Today I have signed into law S. 440, the "National Highway System Designation Act of 1995." This Act advances my Administration's continued commitment to strategic investment in our Nation's infrastructure. It releases immediately more than $5 billion in funding for highway and other transportation projects. It also implements my proposal for a "Zero Tolerance" policy toward drinking and driving by those under age 21.

I am disturbed, however, by the repeal of certain key safety measures and will work to mitigate the impact of their repeal.

This Act is the culmination of several years' work by all levels of government to identify highways of national significance—routes that will support our Nation's needs for efficient, safe, and reliable transportation. The designation of the National Highway System makes clear that transportation infrastructure should be viewed as a single system, with each mode complementing the others.
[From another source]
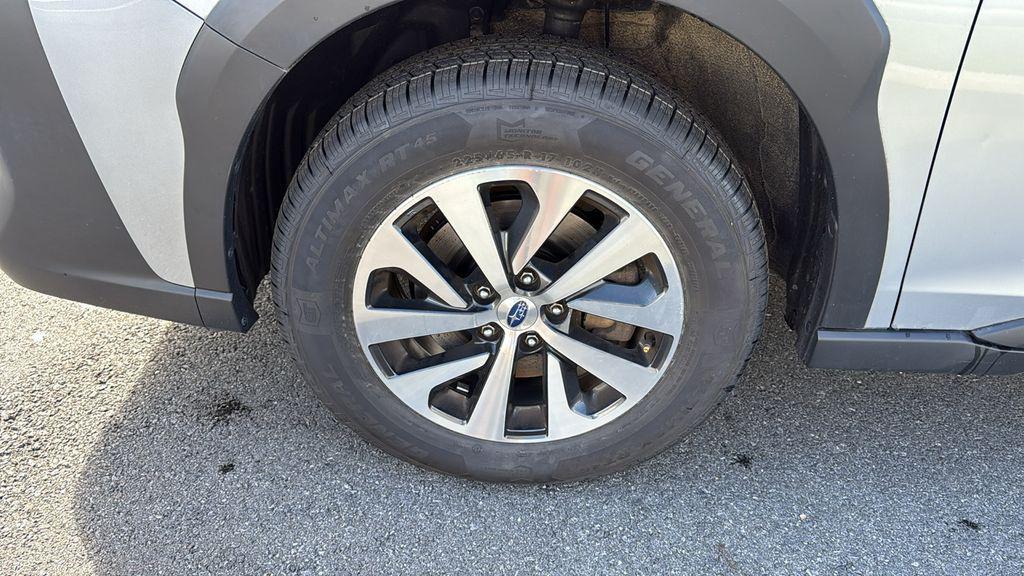 used 2023 Subaru Outback car, priced at $26,998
Manufacturers and shippers rely on several modes of transportation to deliver their products to consumers in the most efficient manner possible. The National Highway System unites these different modes by providing access to major ports, airports, rail stations, and public transit facilities. The National Highway System also provides 53 critical connections to Canada and Mexico so that goods can move across our Nation's borders efficiently.

In 1992, I saw the way in which our Nation's highways reach all Americans. Vice President Gore and I traveled much of this great land in buses, and we met the American people where they live and where they work. Whether at a truck stop in Carlisle, Pennsylvania, or at dusk on U.S. Highway 51 in Sandoval, Illinois, we saw and heard what access and mobility mean to opportunity and economic well-being. It was during our first bus trip, from New York City to St. Louis, Missouri, that I made a commitment to rebuild America. And I'm proud to say, this National Highway System bill builds on all the work we have done in the last 3 years to do just that.

But the National Highway System is also something more. It is a prime example of the strategic investment of Federal resources. The National Highway System comprises only 4 percent of our Nation's highways, but these roads carry almost half of our highway traffic and most of our Nation's truck and tourist traffic. The improvements made to these roads will not only support our Nation's economic, national defense, and mobility needs, but directly and significantly improve the safety of these key national roadways. The funds released by this legislation and used to upgrade noninterstate highways will provide significant safety benefits.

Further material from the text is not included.